At this point, I figure the company I interviewed with doesn’t want me. Pook. I’ll send them a query tomorrow to verify, but as I haven’t heard from them in the prescribed time, I think it’s safe to assume they were underwhelmed by me. Damn. On the positive side, it means I’m still footloose and fancy free, living the life of leisure. At least until my unemployment runs out . . . and my COBRA coverage. Gleep.
Okay. On the quest of researching some non-Asian folk tale/myths to tempt my muse, I trooped upstairs to the library and broke out the source material: Edith Hamilton and Thomas Bulfinch for the Greek (and Roman) myths, and E.A. Wallis Budge for the Egyptian.
I really love Greek myths–I’m a purist, I much prefer the Greek ones to the Roman.
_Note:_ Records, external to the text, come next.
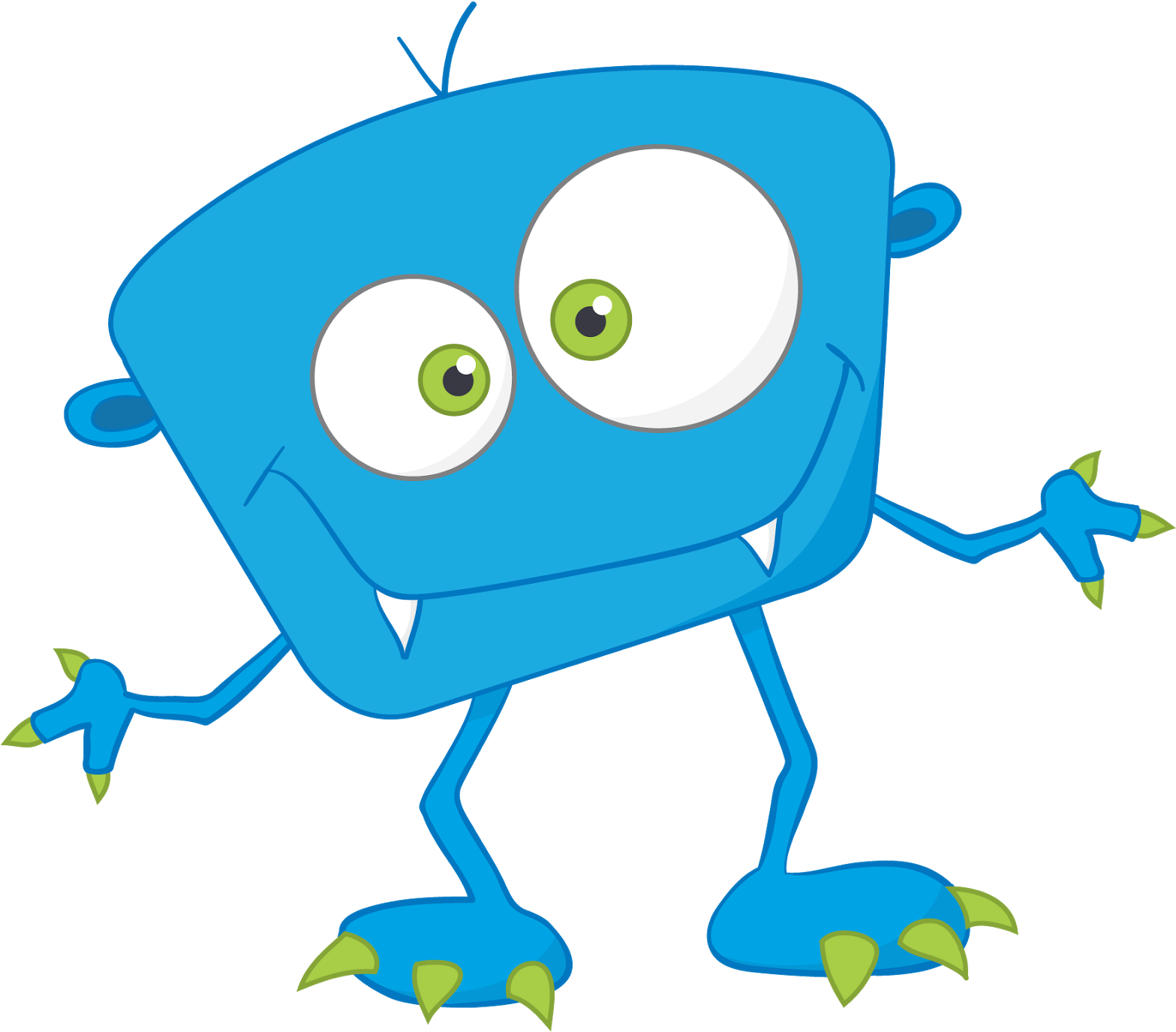 Cookie Monster Clip Art 6 2 Image - Inktastic Blue Monster Tote Bag Yellow (1600x1600), Png Download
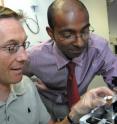 This is Dr. Mark Pharaoh (left) and Dr. Ramesh P. Arasaradnam of the University of Warwick.
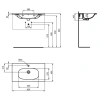 Раковина 82,5x45 см Ideal Standard Tesi T3509V1
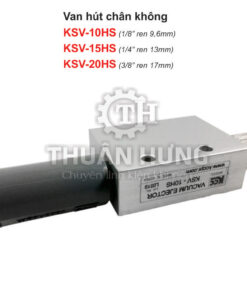 Mặt trước van hút chân không KCC KSV-20HS, ren 17mm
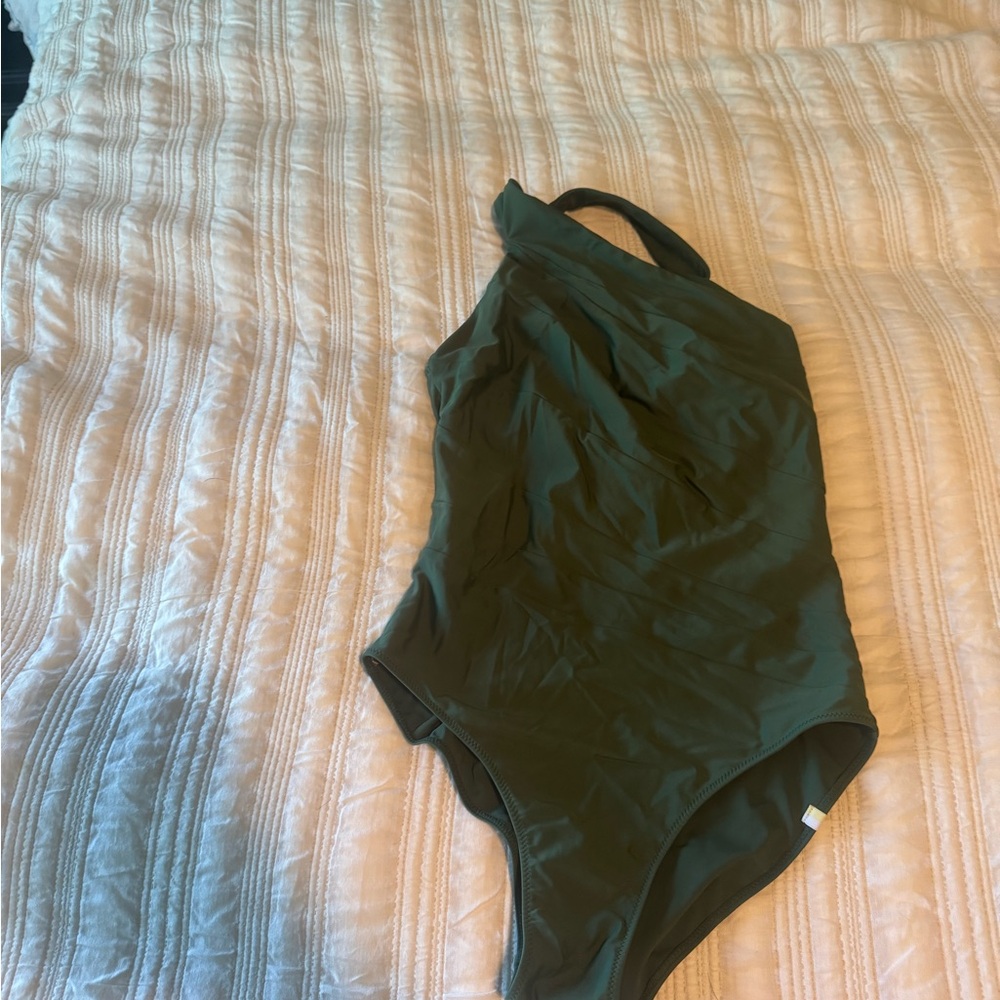 Summersalt Green One Piece Swimsuit Classic Design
But every re-telling/re-imagining concept I come up with is for an adult audience, not a younger one. I’ve done a couple Greek stories in the past, and they’re dark. Very, very dark. Not saying that kids can’t handle dark, after all, I read Oedipus Rex when I was twelve, but still . . .
So I closed the Bulfinch’s and started in on the Budge’s. The Egyptian myths just aren’t gelling. They don’t suck me in the way a story needs to in order for it to tempt me to recreate it, to give it my own voice and spin. It could be Budge’s tone, which is very true to the translation and extremely dry. On one side of the text are the actual hieroglyphics, and on the other is the literal English translation. Not the best storytelling format, although can’t fault his rigid adherence to academic accuracy.
So I went back to the Asian myths. Yup. Within moments, I found myself snagged by the concept of the Kitchen God and his story. That sent me off on another research branch, and my imagination started fizzing.
I’m also starting to itch to get back to the novel. Hope that bodes good things for this week.